Example Computing Environment

FIG. 6 is a block diagram illustrating one or more multimodal models 610, such as for deployment in a datacenter 620 housing a hardware accelerator 630 on which the deployed models will execute for multimodal processing with CR data, according to aspects of the disclosure. The hardware accelerator 630 can be any type of processor, such as a CPU, GPU, FPGA, or ASIC such as a TPU. As shown in FIG. 7, the datacenter 620 can include multiple hardware accelerators, e.g., hardware accelerators A-N.
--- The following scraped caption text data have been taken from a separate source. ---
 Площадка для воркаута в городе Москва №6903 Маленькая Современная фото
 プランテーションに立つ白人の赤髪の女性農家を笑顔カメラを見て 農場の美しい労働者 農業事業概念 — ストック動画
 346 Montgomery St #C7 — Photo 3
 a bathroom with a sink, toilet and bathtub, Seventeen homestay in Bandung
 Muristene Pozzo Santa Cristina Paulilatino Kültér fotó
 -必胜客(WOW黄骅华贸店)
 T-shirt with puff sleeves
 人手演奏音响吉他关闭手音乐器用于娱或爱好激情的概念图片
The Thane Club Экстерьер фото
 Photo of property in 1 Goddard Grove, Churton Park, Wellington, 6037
An architecture of a model can refer to characteristics defining the model, such as characteristics of layers for the model, how the layers process input, or how the layers interact with one another. The model may be generated using machine learning or other AI training techniques. In some examples, the model may be generated through other techniques, such as an optimization technique, manual tuning from empirical data, or deterministically programmed to generate different outputs using one or more functions on received inputs. In general, a multimodal model can be of any architecture capable of receiving and processing input of different modalities, e.g., text, image, video, audio, etc.

In some examples, the multimodal models 610 may include large language models, large foundation models, large graphical models, etc. In one example, a model can be a convolutional neural network that includes a convolution layer that receives input data, followed by a pooling layer, followed by a fully connected layer that generates a result. The architecture of the model can also define types of operations performed within each layer. For example, the architecture of a convolutional neural network may define that rectified linear unit (ReLU) activation functions are used in the fully connected layer of the network.

FIG. 7 is a block diagram of an example computing environment 701 for implementing a multimodal processing system 700. The system 700 can be implemented on one or more devices having one or more processors in one or more locations, such as in server computing device 715. Examples of the system 700 include the systems 100, 200, and 300, shown and described with reference to FIGS. 1-3, respectively.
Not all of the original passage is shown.